Re: [tor-dev] Torperf implementation considerations

23 Oct 2013

      On 10/1/13 3:03 AM, Kevin Butler wrote:
...
Hi Karsten, Sathya,
Hope you've both had great weekends, please see inline!
Hi Kevin,
apologies for not replying earlier!  Finally, replying now.
...
...
Want to help define the remaining data formats?  I think we need these
formats:

file_upload would be quite similar to file_download, but for the GET

POST performance experiment.  Or maybe we can generalize file_download
to cover either GET or POST requests and the respective timings.

We'll need a document for hidden_service_request that does not only

contain timings, but also references the client-side circuit used to
fetch the hidden service descriptor, rendezvous circuit, and
introduction circuit, and server-side introduction and rendezvous circuits.

These data formats are all for fetching/posting static files.  We

should decide on a data format for actual website fetches.  Rob van der
Hoeven suggested HAR, which I included in a footnote.  So, maybe we
should extend HAR to store the tor-specific stuff, or we should come up
with something else.

Are there any other data formats missing?

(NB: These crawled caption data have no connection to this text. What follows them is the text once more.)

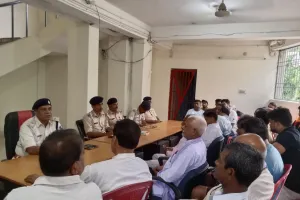बिहार : वाल्मीकिनगर थाना परिसर में महावीरी झंडा को लेकर शांति समिति की बैठक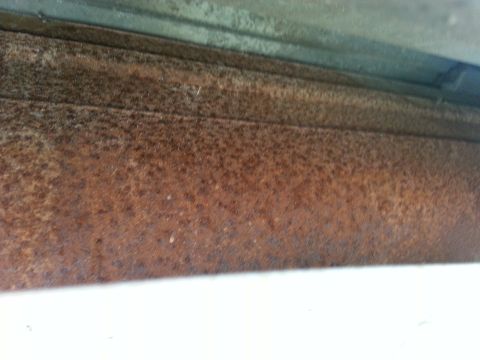 1992 Ford Bronco - another shot of the rust. this was a lot worse than I thought it would be. on the plus side nothing looks like it has gone the whole way th…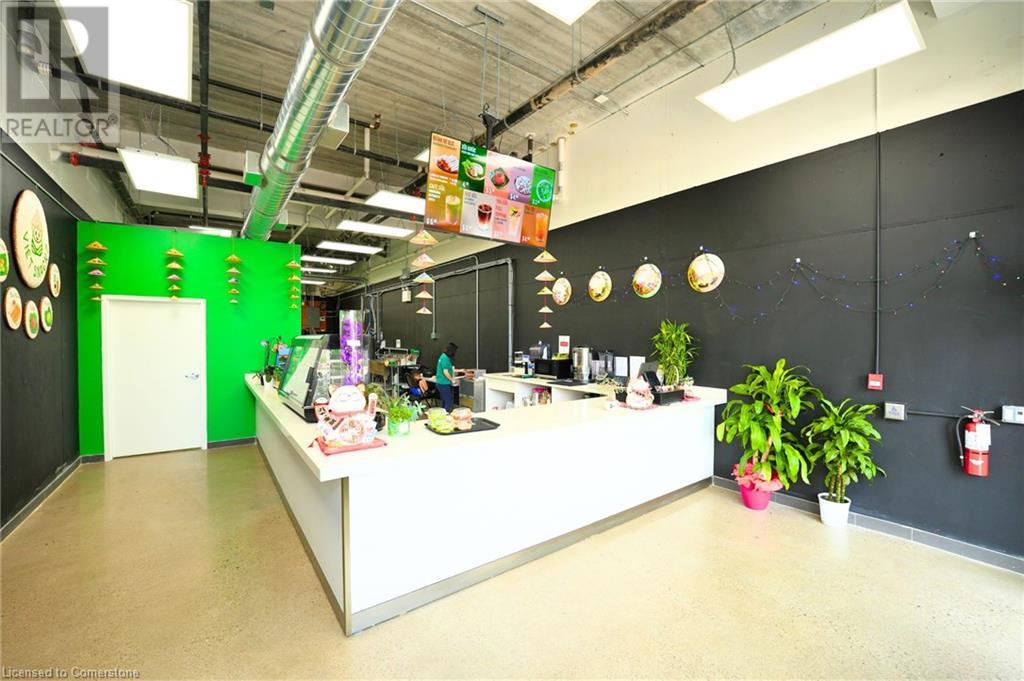 387 KING ST E/S E Unit# B123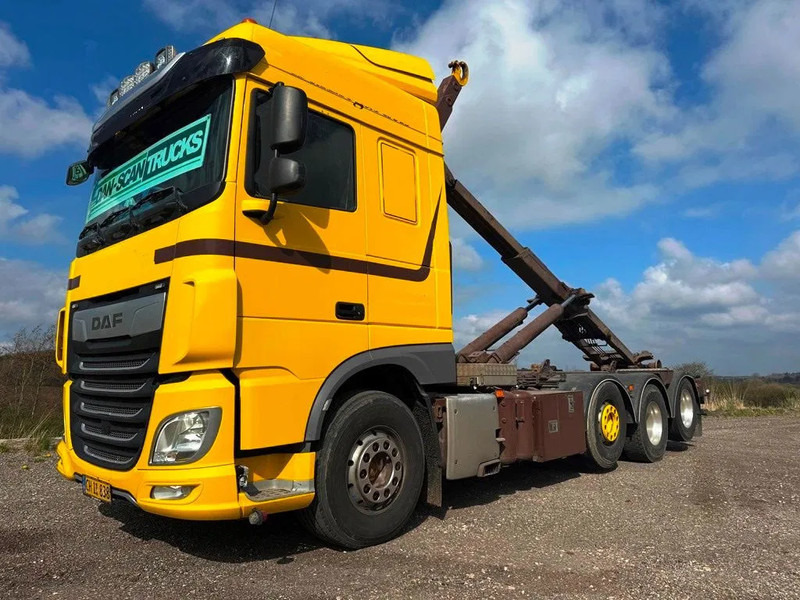 DAF XF 530 Hoglift with knæk arm. - Konkstõstukiga veoauto: pilt 1 DAF XF 530 Hoglift with knæk arm. - Konkstõstukiga veoauto: pilt 1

I think extending the HAR format (with minimal changes really, it's
already reasonably generic) would be a good fit for the real fetches
indeed. Do you feel HAR is overkill for the others?
I'm not sure, because I don't know the HAR format (this was a suggestion
that didn't look crazy to me, so I added it to the PDF).  But I think we
could use HAR for all kinds of requests.  We'll probably need to use
something else for stream and circuit information, because they can be
unrelated to specific requests.
...
I think it wouldn't be such a bad idea to use it for all, perhaps this
could be a future requirement if not an initial one. (e.g. the
static_file_downloads would have that in 'creator', but it would have
multiple 'entries' each representing a static file (with our own fields
added, filesize, tor_version, etc...)
Plausible, though I can't really comment on this with my limited
knowledge of the HAR format.
...
There are a number of perks with using HAR:

TBB probably already knows how to record .HAR files so the selenium

work would basically just be to open a browser and record a few
navigations to .HAR (I know Chrome can do this easily, so I'm assuming
our TBB version of Firefox is also capable)
Probably.  Though we'll need to add stream/circuit references.  Can we
do that?
...

We can benefit from any tooling build around HAR, either to

statistically analyse, or to provide visualisation.

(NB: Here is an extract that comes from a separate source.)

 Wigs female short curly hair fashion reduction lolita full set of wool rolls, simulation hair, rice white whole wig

There is a a decent amount of research around HAR compression

(although it basically seems to just be gzipping) but if we can support
compressed HAR then we can allow servers to store a lot more history.
There is also the negative that the HAR files will probably provide *too
much* data, but we could probably prune the files before archiving them
or as a stage before total deletion.
While spending some time implementing these things, I have been playing
with a faked alexa experiment, and I think the HAR format, or atleast
something that allows for multiple entries per experiment results set is
necessary for all our experiments (even static file).
I'll get back to you regarding these data formats in future when I have
time to actually look at what the other experiments need (I've mainly
focused on alexa & static downloading this far)
Makes sense.
...
...
...
I think the magically detect and run part can definitely be left for
future, but installation should still be this easy.
Surely it's just as easy to implement detecting new experiments on
service startup as to implement not doing that. (while still somehow
allowing experiments to be added... is this implying hardcoded experiments?)
I guess experiment types will be hard-coded, but experiment instances
will be configurable.
...
Also, perhaps you don't want to support this, but how does the patch and
merge system work for quick deployments of short lived experiments? (Is
there ever such a thing? Karsten?)
Yes, there might be such a thing as short-lived experiments.  We'd
probably commit such a patch to a separate branch and decide after the
experiment if it's worth adding the experiment to the master branch.
...
Or what if someone does develop a neat set of experiments for their own
personal use that doesn't really apply to the project as a whole, are we
expected to merge them upstream? What if they don't want to share?
I think we should only merge experiments that are general enough for
others to run.
This doesn't entirely address my concern. If upstream branches are made
for short lived experiments (rather than just sharing a folder between
people), how do the users install that? (since they would have initially
apt-get installed? not git/svn?)
And my concern around non-general or non-shared experiments skips the
issue, how will they distribute them to whoever needs to run it? Their
own git repo infrastructure? (But of course I agree we should only
upstream general things)
I'm mostly thinking of developers who would run custom branches.  And if
somebody cannot handle Git, we can given them a tarball.  But really,
custom experiments should be the exception, not the rule.
...
...
...
...
Torperf should help with bootstrapping and shutting down tor, because
that's something that all experiments need.  Locating tor could just be
a question of passing the path to a tor binary to Torperf.  See above
for sequential vs. parallel experiments.
Locating Tor should just be settings in 'the Torperf config'.
{ ... tor_versions: { '0.X.X' => '/Path/to/0/x/x/' } ... }
Is there requirement to run the *same* experiment across different Tor
versions at the same time (literally parallel) or just to have "I as a
user set this up to run for X,Y,Z versions and ran it one time and got
all my results."?
You would typically not run an experiment a single time, but set it up
to run for a few days.  And you'd probably set up parallel experiments
to start with a short time offset.  (Not sure if this answers your
question.)
I messed up the question with that single word, I'll address this below.
I meant 'ran torperf once' and 'got my results periodically as the
schedule defines'
...
...
I think this is what Sathya is saying with:
...
We could just run a torperf test against a particular tor version, 
once that's completed, we can run against another tor version and so on.
i.e. for each experiment, there's only one instance of Tor allocated for
it at any time, and it does it's versioned runs sequentially.
For each experiment there's one tor instance running a given version.
You wouldn't stop, downgrade/upgrade, and restart the tor instance while
the experiment is running.  If you want to run an experiment on
different tor versions, you'd start multiple experiments.  For example:

download 50KiB static file, use tor 0.2.3.x on socks port 9001, start

every five minutes starting at :01 of the hour.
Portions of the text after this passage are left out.